• Task objective
Everything below from the line with "Honaz’daki orman yangını" through the line with "Attēlu rezultāti vaicājumam" should be copied exactly, and nothing else; leave out the pictures.

──────────

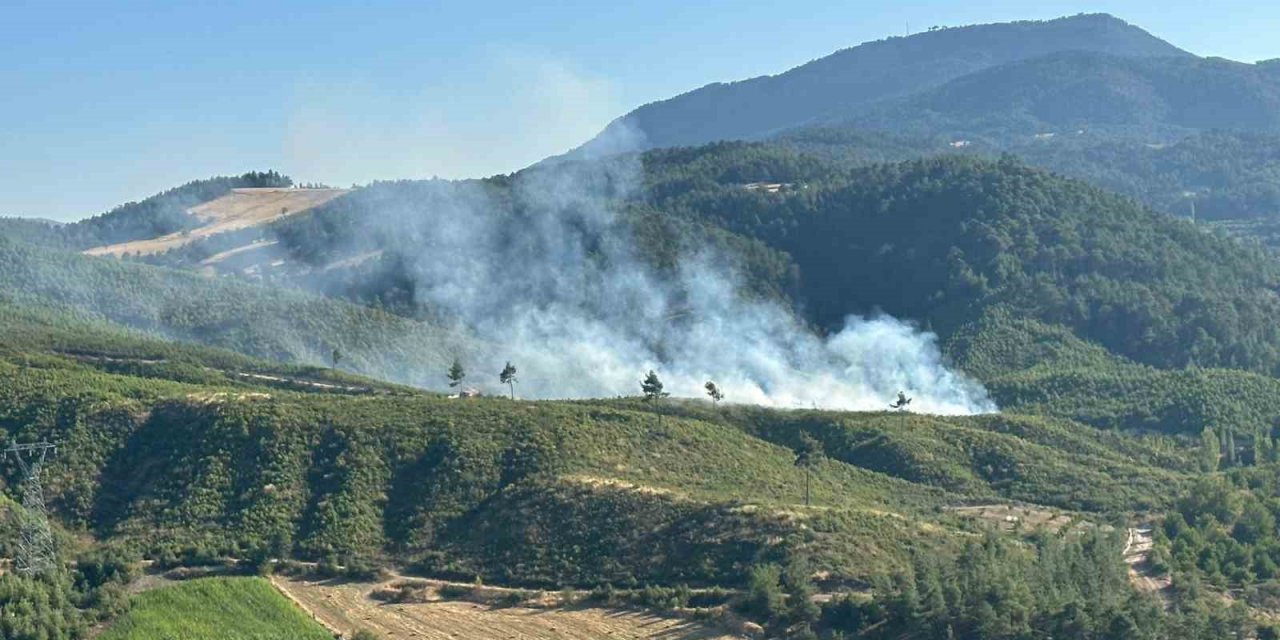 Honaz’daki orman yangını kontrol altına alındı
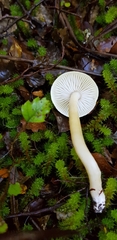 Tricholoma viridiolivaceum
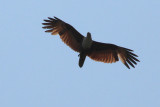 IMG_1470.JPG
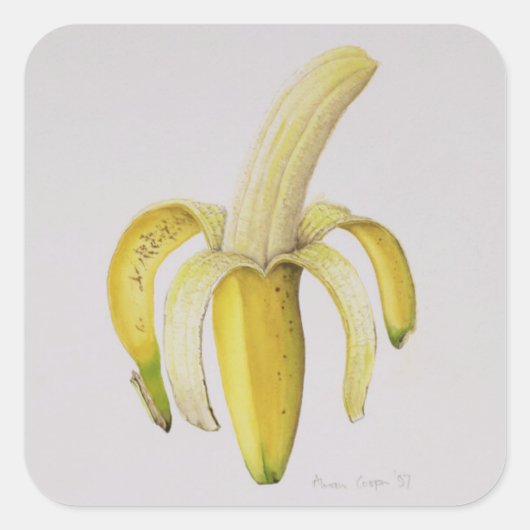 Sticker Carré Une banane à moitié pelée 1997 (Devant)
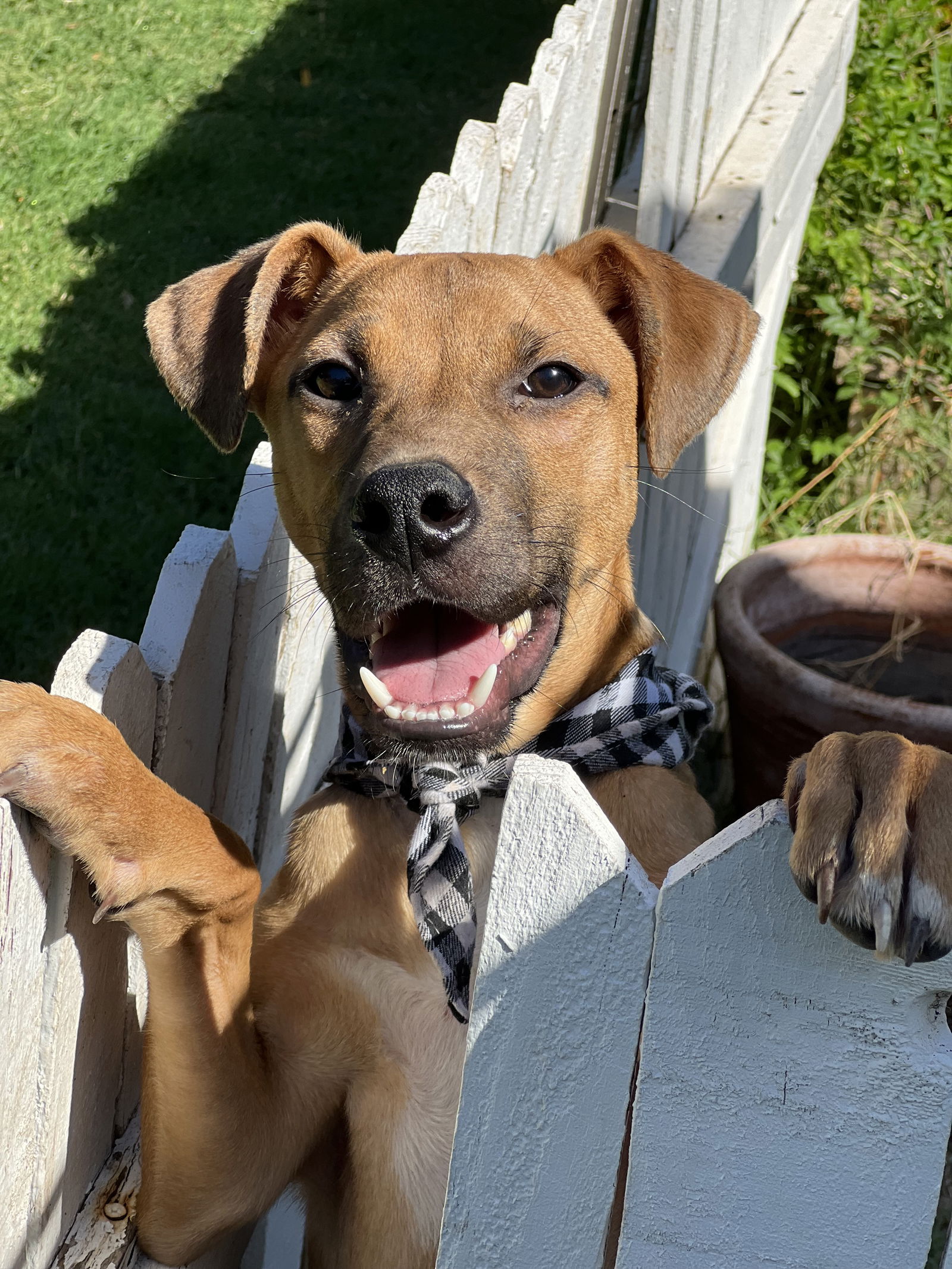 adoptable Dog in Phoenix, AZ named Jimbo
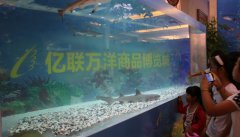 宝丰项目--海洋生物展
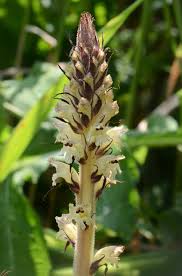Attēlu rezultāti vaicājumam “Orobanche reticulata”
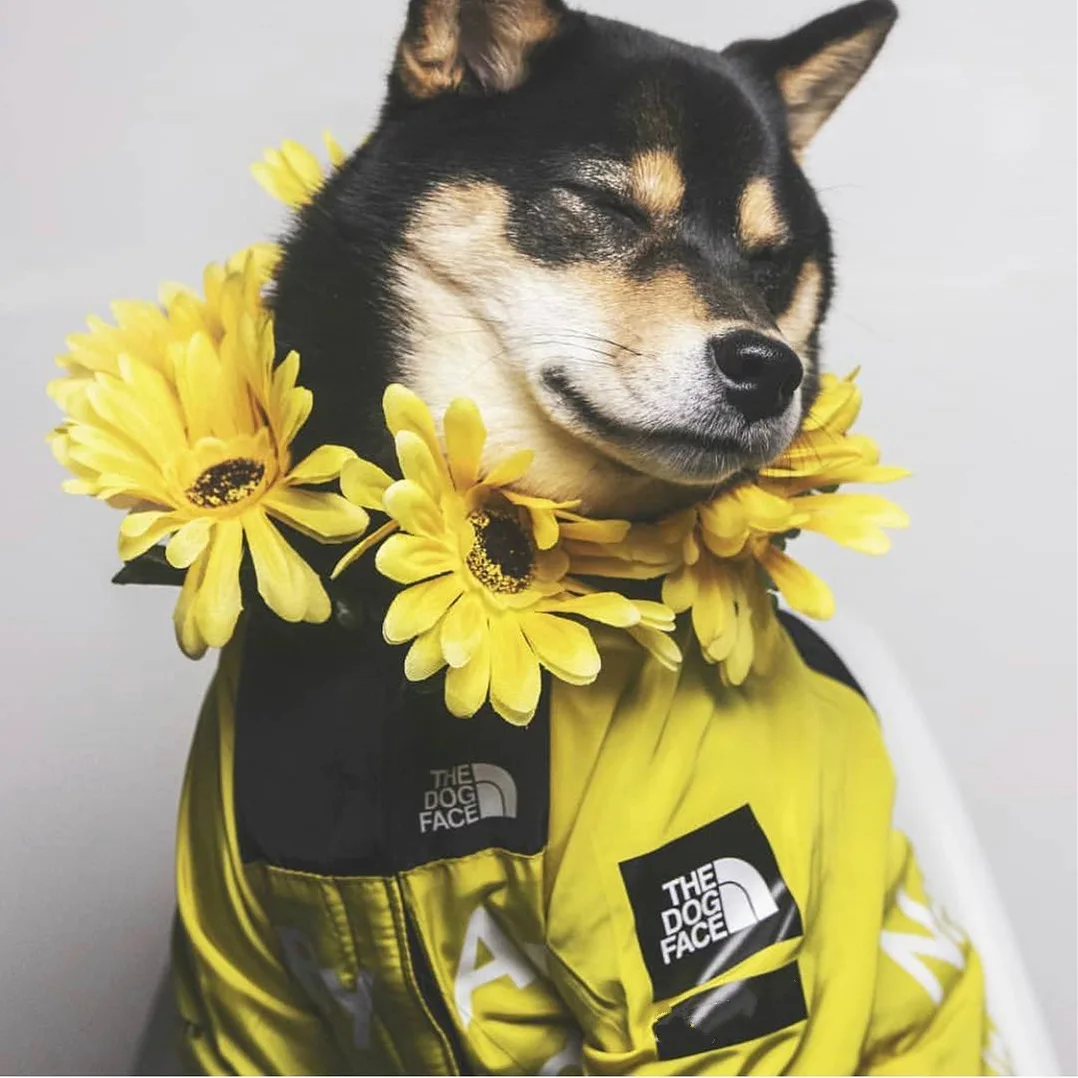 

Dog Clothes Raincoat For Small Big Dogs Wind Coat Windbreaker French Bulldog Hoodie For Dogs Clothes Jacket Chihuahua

──────────

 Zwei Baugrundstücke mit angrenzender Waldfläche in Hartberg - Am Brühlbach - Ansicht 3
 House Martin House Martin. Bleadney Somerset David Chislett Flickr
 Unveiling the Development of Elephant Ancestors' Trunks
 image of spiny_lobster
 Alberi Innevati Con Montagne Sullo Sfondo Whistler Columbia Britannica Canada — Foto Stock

──────────

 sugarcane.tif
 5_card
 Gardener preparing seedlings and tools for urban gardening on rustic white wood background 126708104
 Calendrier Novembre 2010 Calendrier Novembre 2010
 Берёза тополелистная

──────────

• Written solution
 Honaz’daki orman yangını kontrol altına alındı
 Tricholoma viridiolivaceum
 IMG_1470.JPG
 Sticker Carré Une banane à moitié pelée 1997 (Devant)
 adoptable Dog in Phoenix, AZ named Jimbo
 宝丰项目--海洋生物展
Attēlu rezultāti vaicājumam “Orobanche reticulata”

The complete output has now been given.